Por: Héctor Nuno González
Ilustración: Danny Figueredo
Camila no sabía qué hacer con aquellas sensaciones,
nadie le había explicado. Por eso, cuando aquel flaco de facciones finas y
ojos tristes apareció comandando la entrada del cura en la homilía, pensó que
temblaba la tierra.
Parecía una plastilina gigante, superaba los 185
centímetros de estatura y asistía al sacerdote con tal diligencia y voluntad,
que no pudo concentrarse ni aquel domingo ni los siguientes.
Había
llegado al pueblo proveniente de tierras frías, su familia cambió los andes por
el llano porque sus abuelos ya no soportaban el frío inclemente que se les
metía en los huesos y les dolía para respirar. No más llegar, se puso a la
orden en la parroquia.
Camila tenía 12 años recién cumplidos y la vida le estaba mostrando de golpe la rudeza de los cambios naturales. Sus padres la abandonaron cuando tenía un mes y vivía con una amorosa tía que trabajaba demasiado, no tenía tiempo para orientarla y hacerle saber las transformaciones que su cuerpo empezaría a sufrir y mucho menos la contrariedad de la adolescencia y el amor.

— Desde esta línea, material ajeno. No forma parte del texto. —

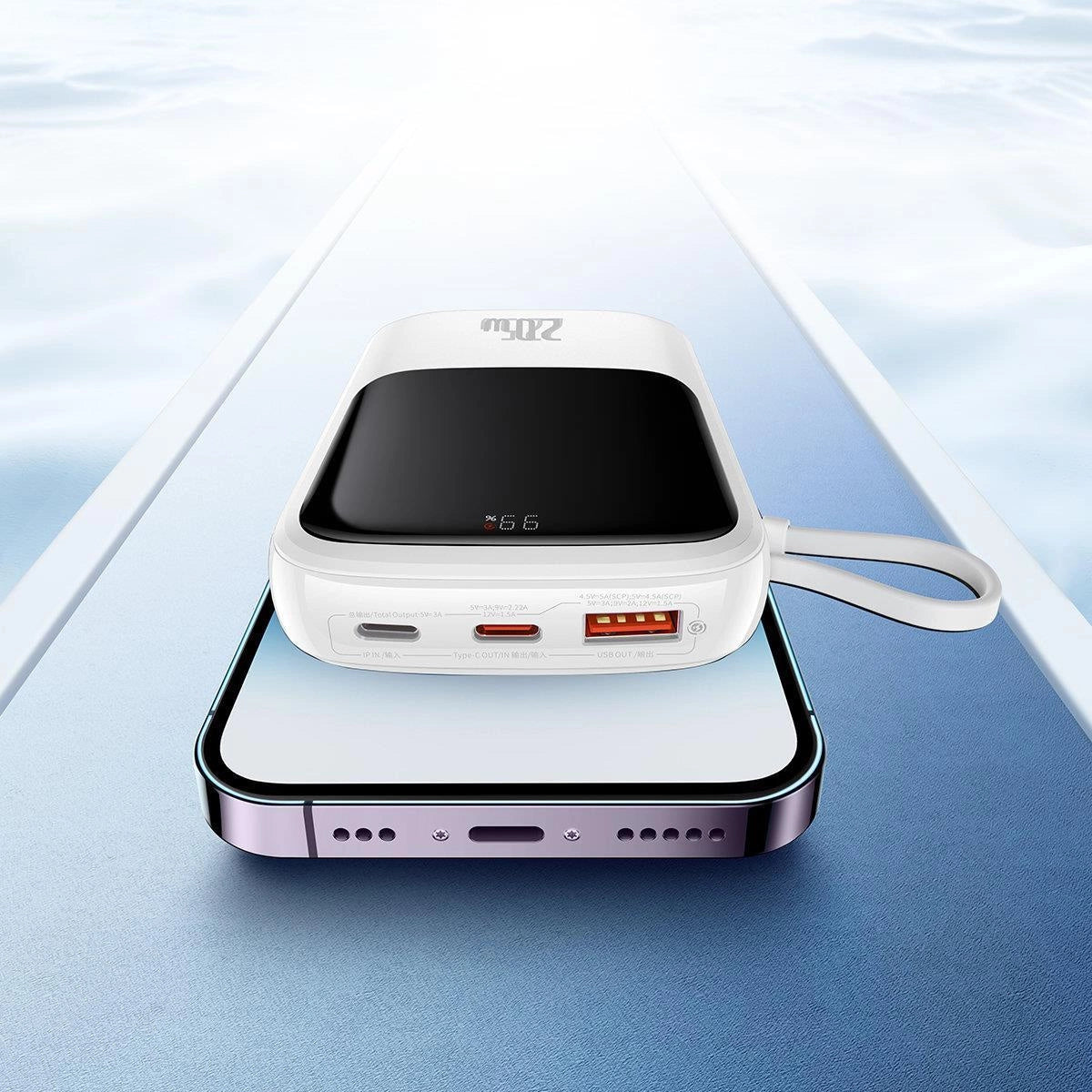 Baseus Qpow Digital Display powerbank med hurtig opladning 10000mAh 22.5W QC/PD/SCP/FCP med indbygget USB-C kabel hvid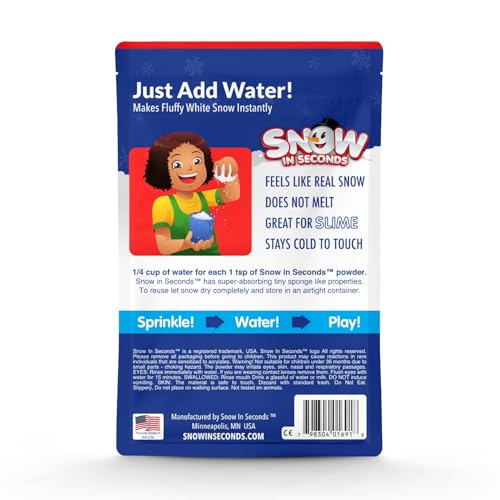 Instant Artificial Snow Powder - Fluffy Fake Snow for Cloud Slime
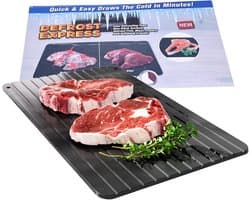 SnelShoppen - Snelontdooiplateau Aluminium Legering Voor Snel Ontdooien van Vlees, Steak, Kip en Vis - Geen Elektriciteit, Geen Magnetron (Zwart)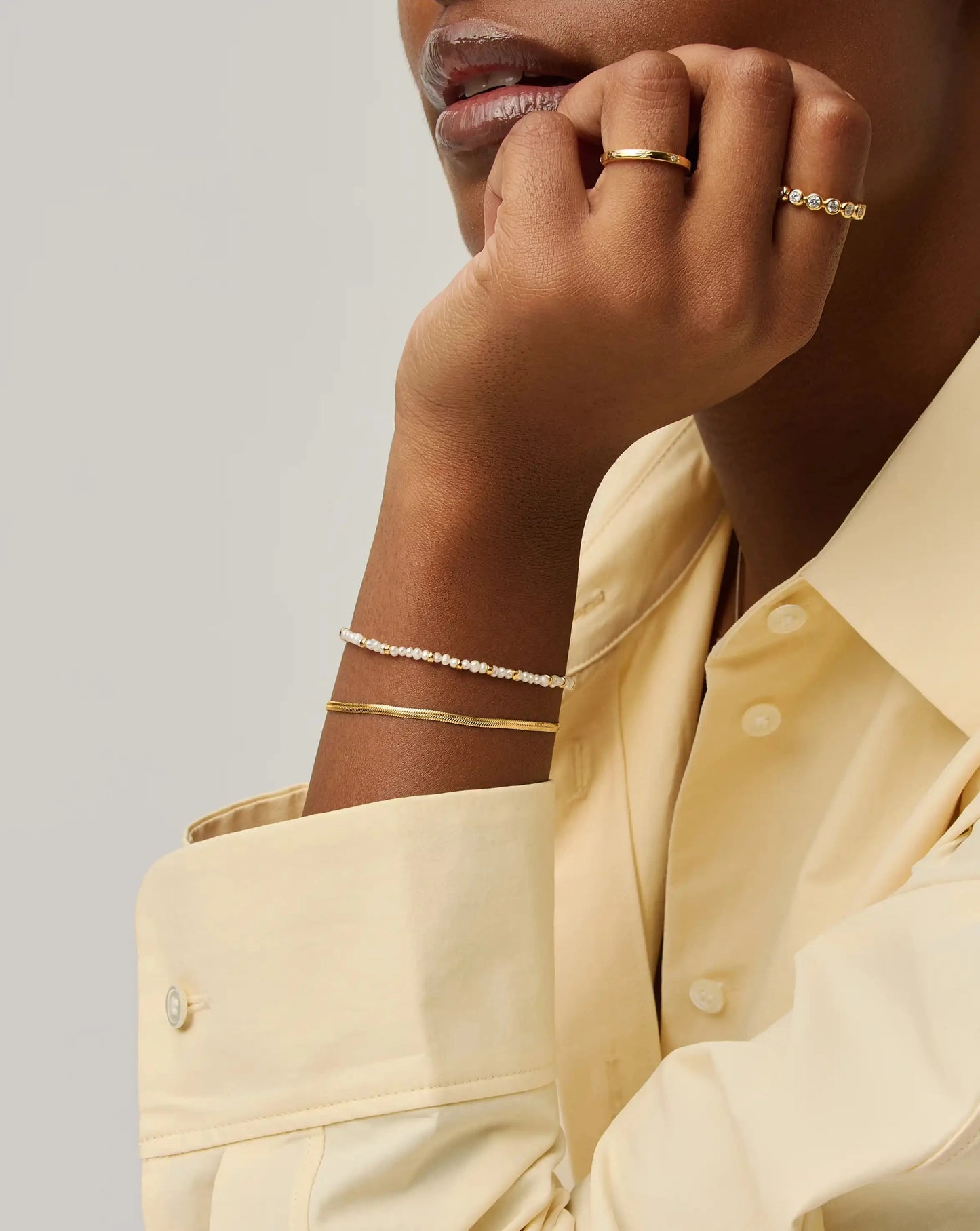 Micro Pearl Beaded & Thin Snake Chain Bracelet Set | 18k Gold Plated/Pearl Bracelets Missoma 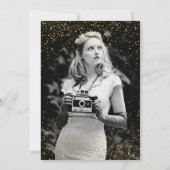 素晴らしい100番目の誕生日、金ゴールドグリッター 招待状 (裏面)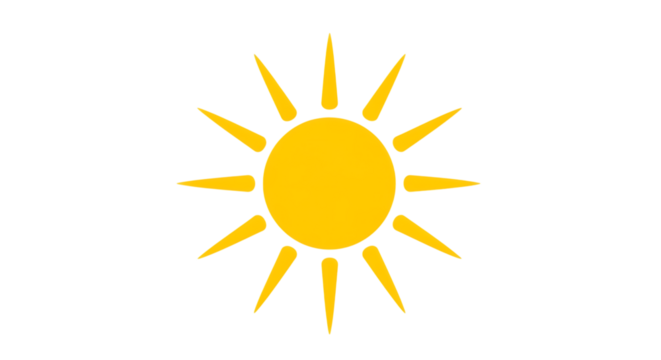 Sunshine yellow sun rays summer heat bright light sunny day weather forecast icon illustration vector 100 transparent background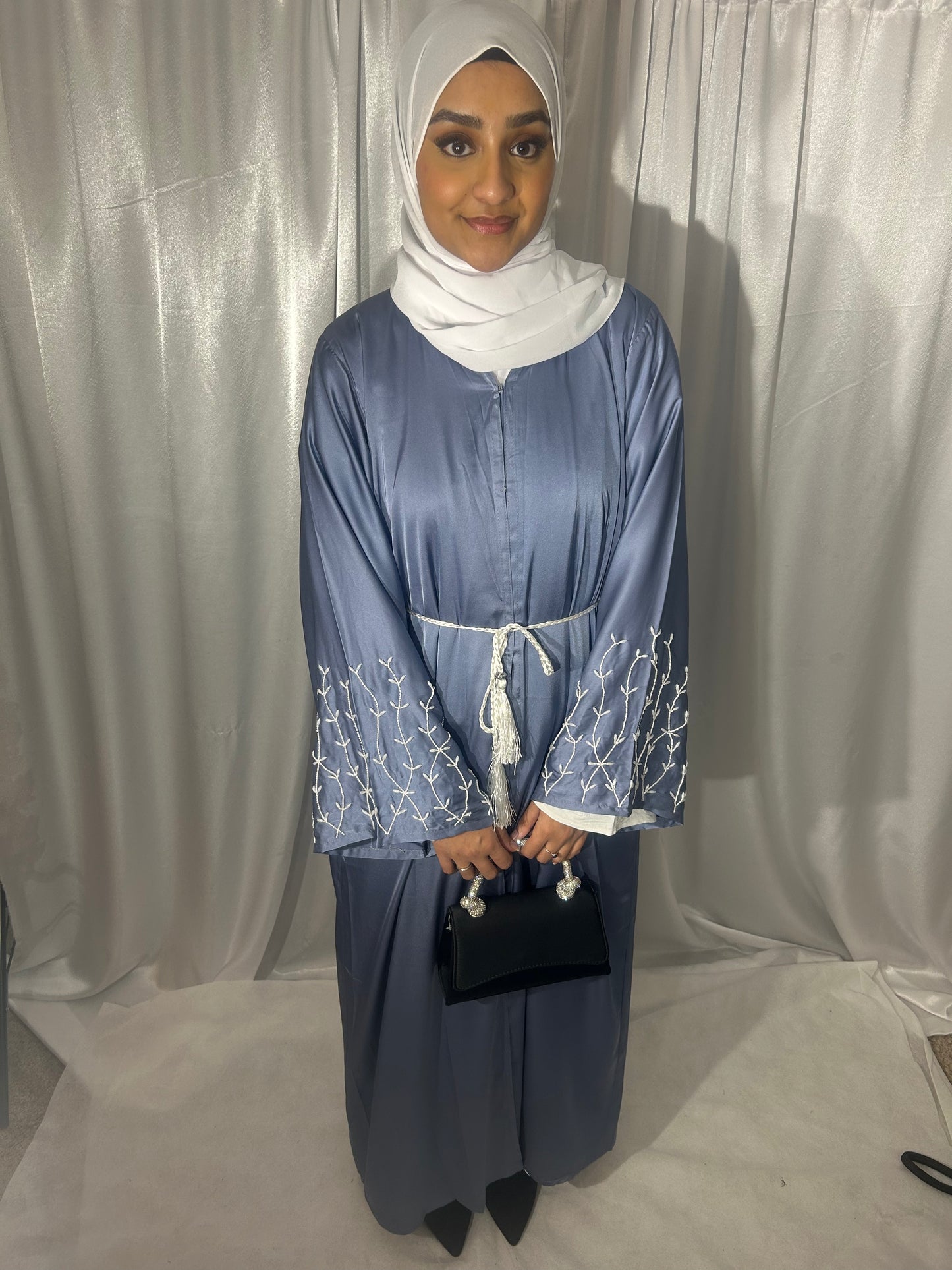 Blue embellished open and closed abaya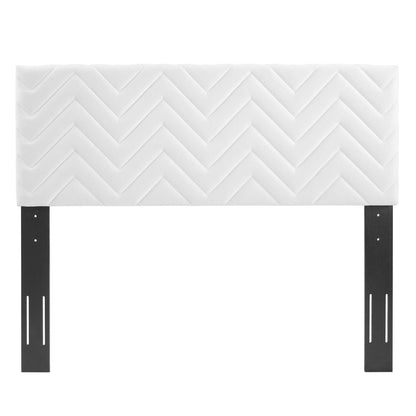 Mercy Chevron Tufted Performance Velvet Headboard By HouseBean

Camila tenía rizos cortos, suaves y acaramelados, la piel de porcelana con aroma de lirio blanco y los ojos verdes como las hojas de un árbol centenario. Idéntica a su madre, sus caderas comenzaron a ensancharse y los senos comenzaron a crecerle a un ritmo frenético.
De modo que un abuelo criado en la era más rural del país, hubiera dicho que ya estaba lista para tener hijos y atender a un hombre, porque en aquellos pueblos todavía era necesario, según ellos y algunos de sus nietos, que las mujeres se quedaran como amas de casa por siempre, cumpliendo con el deber de complacer al varón.
"El señor esté con ustedes", recitó el sacerdote con una voz apacible y bien articulada, pero Camila no pudo entonar la respuesta porque tenía un nudo en la garganta y un mar espumoso de sensaciones en su estómago. Distraída mirando al flaco gigante, sentía un fuego ardiendo en su interior cuando supo que al momento de comulgar, podría verlo de cerca, así que durante los momentos previos sudó frío y en grandes cantidades.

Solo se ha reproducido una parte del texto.